The DAG above suggests that there is more than one way to skin a cat. There is more than one way to estimate b. We already said that we can estimate the total relationship between X and Y, b + dc. If we could just estimate d and c, we would be golden. Estimating d is not a problem. Just run the regression W ~ X. Then we can regress Y ~ W to get c. Not so fast young padawan.


The problem is what Pearl calls the "backdoor" relationship. Running the regression Y ~ W gives c + b/d, which is not equal to c. The reason is that there is a direct relationship between W and Y, but an indirect relationship through X. Now there is a case where we can run the regression and get the right answer, that is when b = 0.

Simulation

The simulation below considers the problem represented by the DAG. If you regress Y ~ X you get 12, but b is 0. If you regress Y ~ X + W, you do get b = 0, but only some of the time. You can also get that b is really not 0 (see the first column in the table below). In fact you can get a confidence interval that does not include 0 (see the second column)!

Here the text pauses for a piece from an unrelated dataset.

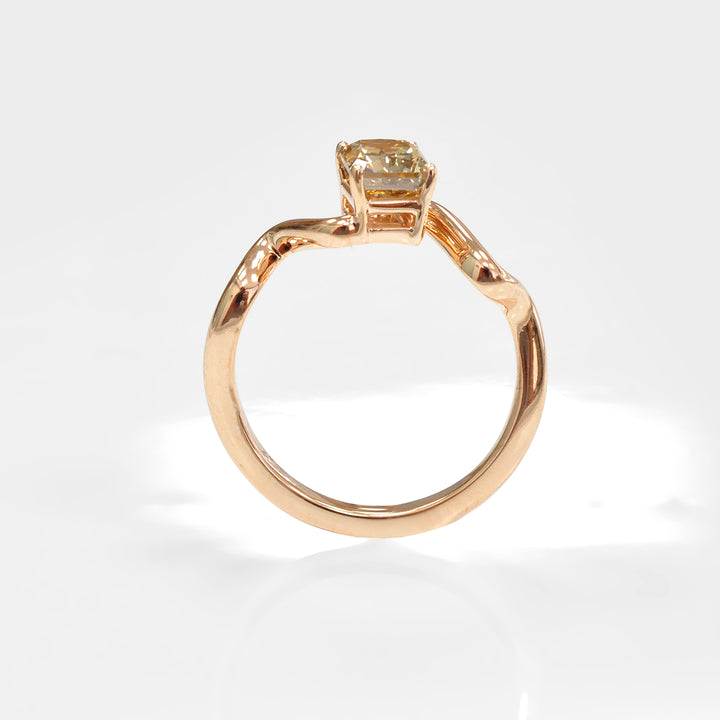 Rose gold twisted shank diamond engagement ring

On the other hand, taking the DAG seriously and estimating the various parts, we can determine that b is really close to 0 (see the third column).

The figure presents the distributions of the estimates of b from the simulations and the two different methods. The true value of b is 0. The solid line is the density of estimates of b using the standard long regression approach and the dotted line is the maximum and minimum of the estimates using the DAG.

The long regression gives estimates of b that are all over the place. The DAG based approach gives estimates that are really close to the true value of 0.